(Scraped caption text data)
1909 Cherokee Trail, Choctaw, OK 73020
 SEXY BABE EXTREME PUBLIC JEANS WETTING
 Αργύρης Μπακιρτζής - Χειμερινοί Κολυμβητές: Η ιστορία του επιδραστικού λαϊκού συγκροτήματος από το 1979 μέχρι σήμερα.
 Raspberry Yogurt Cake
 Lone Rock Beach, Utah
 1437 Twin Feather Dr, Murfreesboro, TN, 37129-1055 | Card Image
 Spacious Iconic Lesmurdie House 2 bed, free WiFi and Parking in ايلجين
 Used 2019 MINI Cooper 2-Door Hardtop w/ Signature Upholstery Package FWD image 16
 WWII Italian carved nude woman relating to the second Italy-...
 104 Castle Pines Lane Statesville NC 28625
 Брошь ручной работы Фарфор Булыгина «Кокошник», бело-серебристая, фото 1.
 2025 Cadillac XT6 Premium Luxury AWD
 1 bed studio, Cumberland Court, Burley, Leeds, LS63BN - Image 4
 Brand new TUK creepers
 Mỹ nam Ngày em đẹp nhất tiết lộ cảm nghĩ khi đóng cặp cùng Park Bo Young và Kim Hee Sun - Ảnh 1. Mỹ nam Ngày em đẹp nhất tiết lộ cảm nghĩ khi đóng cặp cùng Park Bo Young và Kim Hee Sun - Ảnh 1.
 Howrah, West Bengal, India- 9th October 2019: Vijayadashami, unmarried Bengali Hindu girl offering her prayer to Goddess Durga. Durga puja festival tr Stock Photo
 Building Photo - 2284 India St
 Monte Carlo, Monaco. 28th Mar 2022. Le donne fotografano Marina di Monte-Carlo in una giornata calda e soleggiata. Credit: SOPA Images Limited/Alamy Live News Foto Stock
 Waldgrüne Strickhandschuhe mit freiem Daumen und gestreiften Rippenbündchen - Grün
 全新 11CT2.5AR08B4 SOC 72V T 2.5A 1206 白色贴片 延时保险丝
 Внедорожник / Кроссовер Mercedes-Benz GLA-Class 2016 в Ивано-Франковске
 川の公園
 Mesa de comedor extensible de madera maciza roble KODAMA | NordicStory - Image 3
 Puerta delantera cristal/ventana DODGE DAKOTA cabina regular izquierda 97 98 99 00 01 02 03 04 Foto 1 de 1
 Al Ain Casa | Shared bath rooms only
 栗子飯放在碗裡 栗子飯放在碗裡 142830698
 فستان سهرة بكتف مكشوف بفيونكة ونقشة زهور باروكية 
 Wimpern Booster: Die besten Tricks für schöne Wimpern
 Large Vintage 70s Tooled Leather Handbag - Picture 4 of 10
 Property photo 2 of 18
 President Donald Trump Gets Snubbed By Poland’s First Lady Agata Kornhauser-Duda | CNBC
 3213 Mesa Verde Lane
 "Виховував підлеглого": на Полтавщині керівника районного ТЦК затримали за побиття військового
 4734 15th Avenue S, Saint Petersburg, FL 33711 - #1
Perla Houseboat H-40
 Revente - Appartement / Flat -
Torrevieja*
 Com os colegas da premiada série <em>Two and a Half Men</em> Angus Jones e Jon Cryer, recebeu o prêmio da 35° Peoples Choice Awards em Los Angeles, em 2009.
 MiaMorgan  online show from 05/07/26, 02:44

▸ **PROBLEM REQUIREMENTS**: A verbatim copy of all the entries is the expected result.

▸ **FINISHED TASK**:
1909 Cherokee Trail, Choctaw, OK 73020
 SEXY BABE EXTREME PUBLIC JEANS WETTING
 Αργύρης Μπακιρτζής - Χειμερινοί Κολυμβητές: Η ιστορία του επιδραστικού λαϊκού συγκροτήματος από το 1979 μέχρι σήμερα.
 Raspberry Yogurt Cake
 Lone Rock Beach, Utah
 1437 Twin Feather Dr, Murfreesboro, TN, 37129-1055 | Card Image
 Spacious Iconic Lesmurdie House 2 bed, free WiFi and Parking in ايلجين
 Used 2019 MINI Cooper 2-Door Hardtop w/ Signature Upholstery Package FWD image 16
 WWII Italian carved nude woman relating to the second Italy-...
 104 Castle Pines Lane Statesville NC 28625
 Брошь ручной работы Фарфор Булыгина «Кокошник», бело-серебристая, фото 1.
 2025 Cadillac XT6 Premium Luxury AWD
 1 bed studio, Cumberland Court, Burley, Leeds, LS63BN - Image 4
 Brand new TUK creepers
 Mỹ nam Ngày em đẹp nhất tiết lộ cảm nghĩ khi đóng cặp cùng Park Bo Young và Kim Hee Sun - Ảnh 1. Mỹ nam Ngày em đẹp nhất tiết lộ cảm nghĩ khi đóng cặp cùng Park Bo Young và Kim Hee Sun - Ảnh 1.
 Howrah, West Bengal, India- 9th October 2019: Vijayadashami, unmarried Bengali Hindu girl offering her prayer to Goddess Durga. Durga puja festival tr Stock Photo
 Building Photo - 2284 India St
 Monte Carlo, Monaco. 28th Mar 2022. Le donne fotografano Marina di Monte-Carlo in una giornata calda e soleggiata. Credit: SOPA Images Limited/Alamy Live News Foto Stock
 Waldgrüne Strickhandschuhe mit freiem Daumen und gestreiften Rippenbündchen - Grün
 全新 11CT2.5AR08B4 SOC 72V T 2.5A 1206 白色贴片 延时保险丝
 Внедорожник / Кроссовер Mercedes-Benz GLA-Class 2016 в Ивано-Франковске
 川の公園
 Mesa de comedor extensible de madera maciza roble KODAMA | NordicStory - Image 3
 Puerta delantera cristal/ventana DODGE DAKOTA cabina regular izquierda 97 98 99 00 01 02 03 04 Foto 1 de 1
 Al Ain Casa | Shared bath rooms only
 栗子飯放在碗裡 栗子飯放在碗裡 142830698
 فستان سهرة بكتف مكشوف بفيونكة ونقشة زهور باروكية 
 Wimpern Booster: Die besten Tricks für schöne Wimpern
 Large Vintage 70s Tooled Leather Handbag - Picture 4 of 10
 Property photo 2 of 18
 President Donald Trump Gets Snubbed By Poland’s First Lady Agata Kornhauser-Duda | CNBC
 3213 Mesa Verde Lane
 "Виховував підлеглого": на Полтавщині керівника районного ТЦК затримали за побиття військового
 4734 15th Avenue S, Saint Petersburg, FL 33711 - #1
Perla Houseboat H-40
 Revente - Appartement / Flat -
Torrevieja*
 Com os colegas da premiada série <em>Two and a Half Men</em> Angus Jones e Jon Cryer, recebeu o prêmio da 35° Peoples Choice Awards em Los Angeles, em 2009.
 MiaMorgan  online show from 05/07/26, 02:44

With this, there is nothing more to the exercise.